In the entries below, begin at the line that has "Ground blind" and stop after the line that has "Thumbnail - YSPT Studio Sweatshirt VERDANT"; output those lines exactly, leaving out pictures.

* **Recorded data**
Segment Open

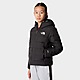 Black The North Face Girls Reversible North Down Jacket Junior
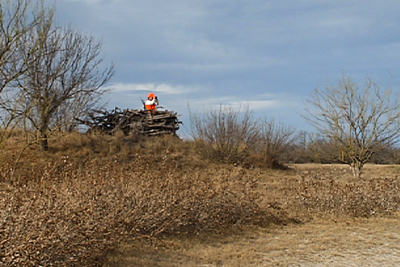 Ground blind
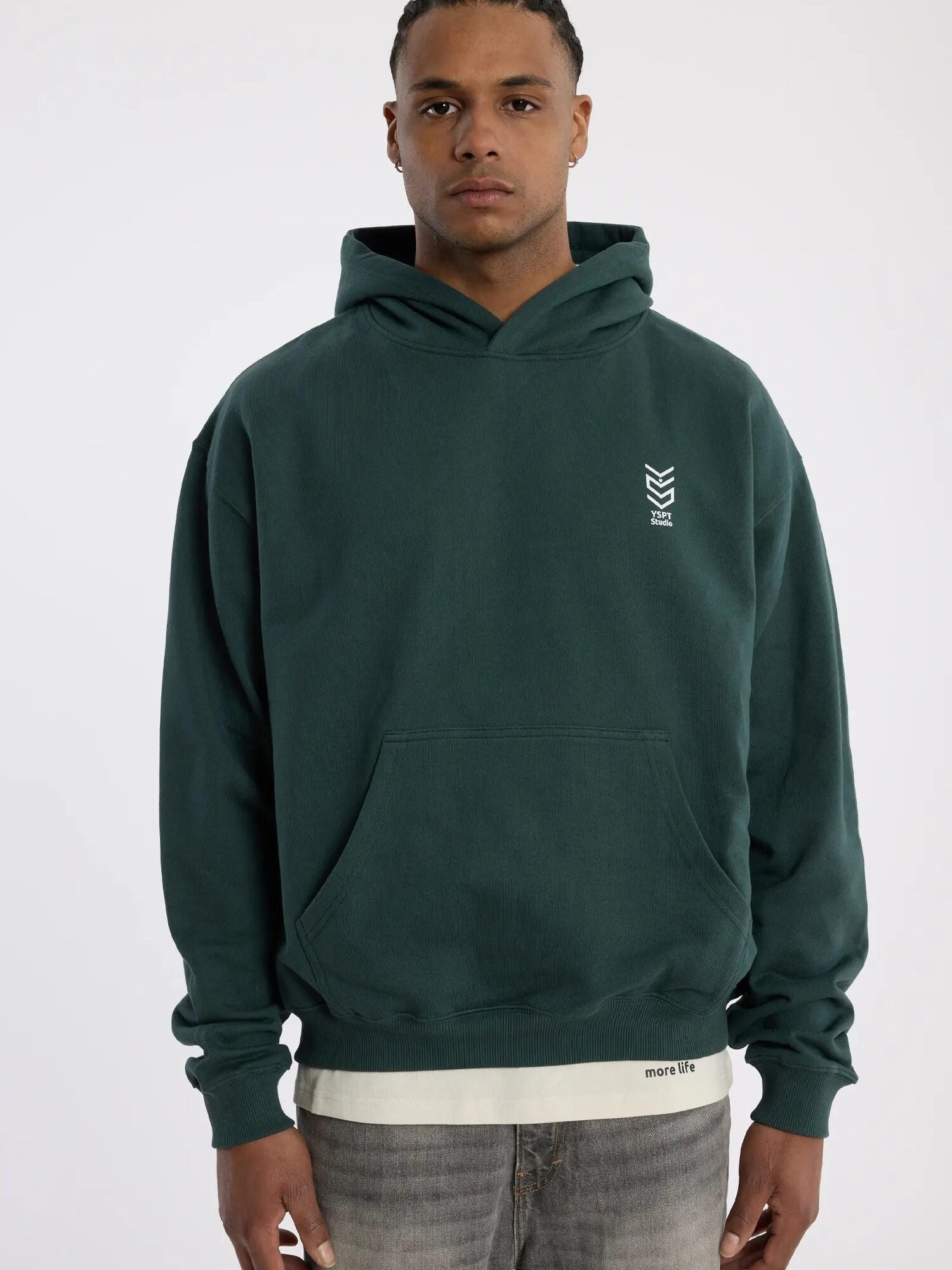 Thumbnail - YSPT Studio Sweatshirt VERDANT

Segment Closed
Segment Open

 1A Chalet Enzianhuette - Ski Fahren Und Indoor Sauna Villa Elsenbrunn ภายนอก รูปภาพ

Segment Closed

* **Reply**
 Ground blind
 Thumbnail - YSPT Studio Sweatshirt VERDANT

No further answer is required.